Advances in Consumer Research Volume 15, 1988      Pages 328-331

BUYER MARKET PRICE KNOWLEDGE INFLUENCE ON ACCEPTABLE PRICE RANGE AND PRICE LIMITS

Rustan Kosenko, Ohio University

Don Rahtz, College of William and Mary

ABSTRACT -

This study examines the effect of consumer market price knowledge on their acceptable price limits and acceptable price range. The results indicate that price limits are strongly affected by the degree of market price knowledge possessed by the consumer. Subjects indicated a higher mean lower and upper price limit, and an narrower acceptable price range when they were market price knowledgeable than when they possessed little or no market price knowledge. Moreover, the addition of market price information reduced variability only in the upper price limit, but not the lower price limit. These findings suggest that consumer limits are shifted or shaped by the prices they are exposed to at points-of purchase or through their informational search activities.

INTRODUCTION

The idea that consumers possess a range of acceptable prices which is bounded by a lower and upper price limit (threshold) they are willing to pay for a contemplated product purchase has been analytically derived from Psychophysics (Monroe 1971) and theoretically derived from Social Judgment theory (Sherif 1963; Monore 1971; Monroe and Venkatsen 1969; Raju 1977) .

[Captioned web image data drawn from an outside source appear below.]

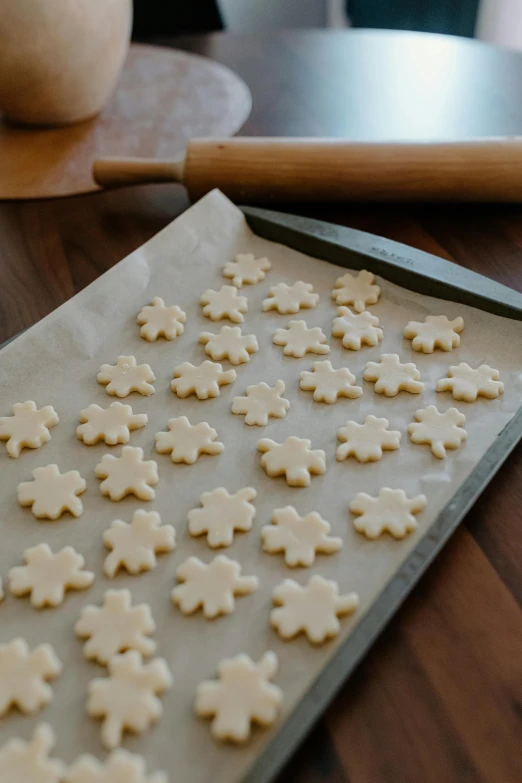 a sheet of cookie dough cut into snowflakes on a baking sheet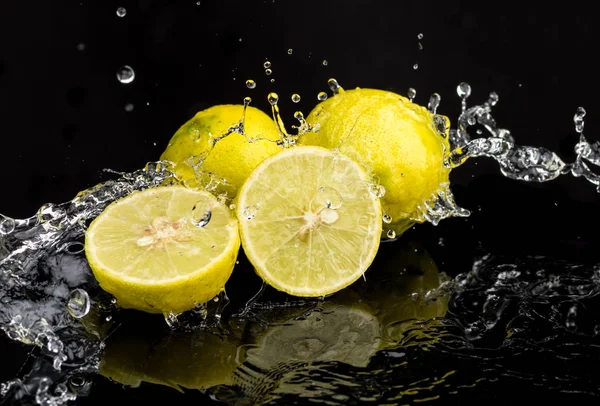 Whole Lime Halves Close Slices Water Splashes Stock Photo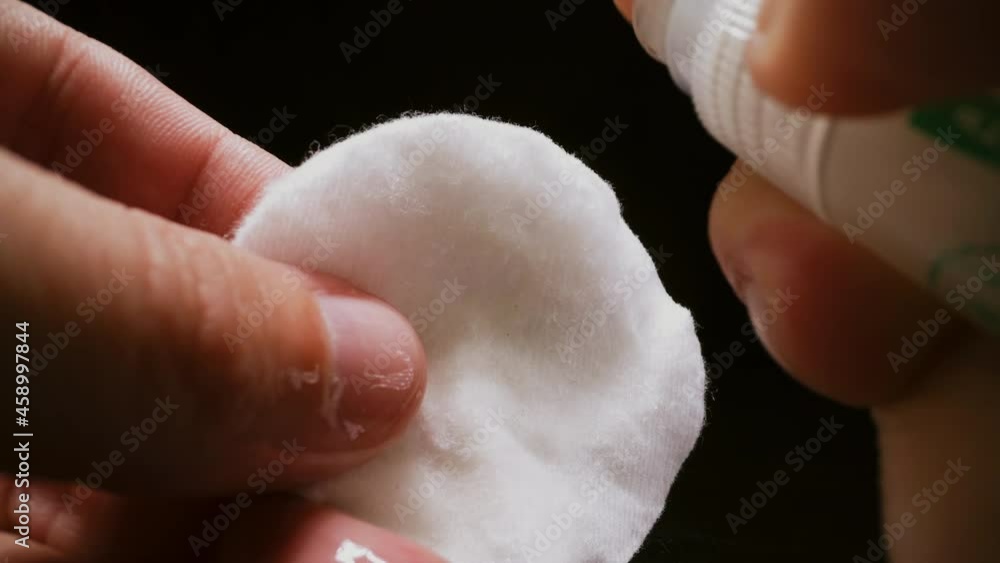 CU, macro: person sprays alcohol antiseptic liquid onto cotton pad to clean germs from surface on black background extreme close view CU, macro: person sprays alcohol antiseptic liquid onto cotton pad to clean germs from surface on black background extreme close view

The lower price limit is defined as the lowest price (usually above 0) a consumer would be willing to pay for a product. The rationale for the lower limit is based on buyer suspicion of "too good of a deal" and the feeling that "you get what you pay for" (Stoetzel 1970; Adam 1958; Fouilhe 1970; Gabor and Granger 1966). The upper limit is defined as the highest price a buyer is willing to pay for a contemplated purchase. Consumers are considered as rationalizing that at a certain high price, quality is no longer differentiated and that no product can be worth more than this certain high price (Stoetzel 1970; Gabor and Granger 1966, 1970). Therefore, consumers should have a range of prices that they are willing to pay for a product bounded by a lower and upper price limit.

Despite the fact that price information is one informational source always available to a consumer (at least in terms of point-of-purchase information), this potentially influential factor remains relatively unexplored. Raju (1977) underscores the importance of acceptable price range research by claiming that a systematic investigation of acceptable price range is particularly important because price perceptions and evaluations within unacceptable and acceptable low and high ranges may have different effects on consumer purchase intentions.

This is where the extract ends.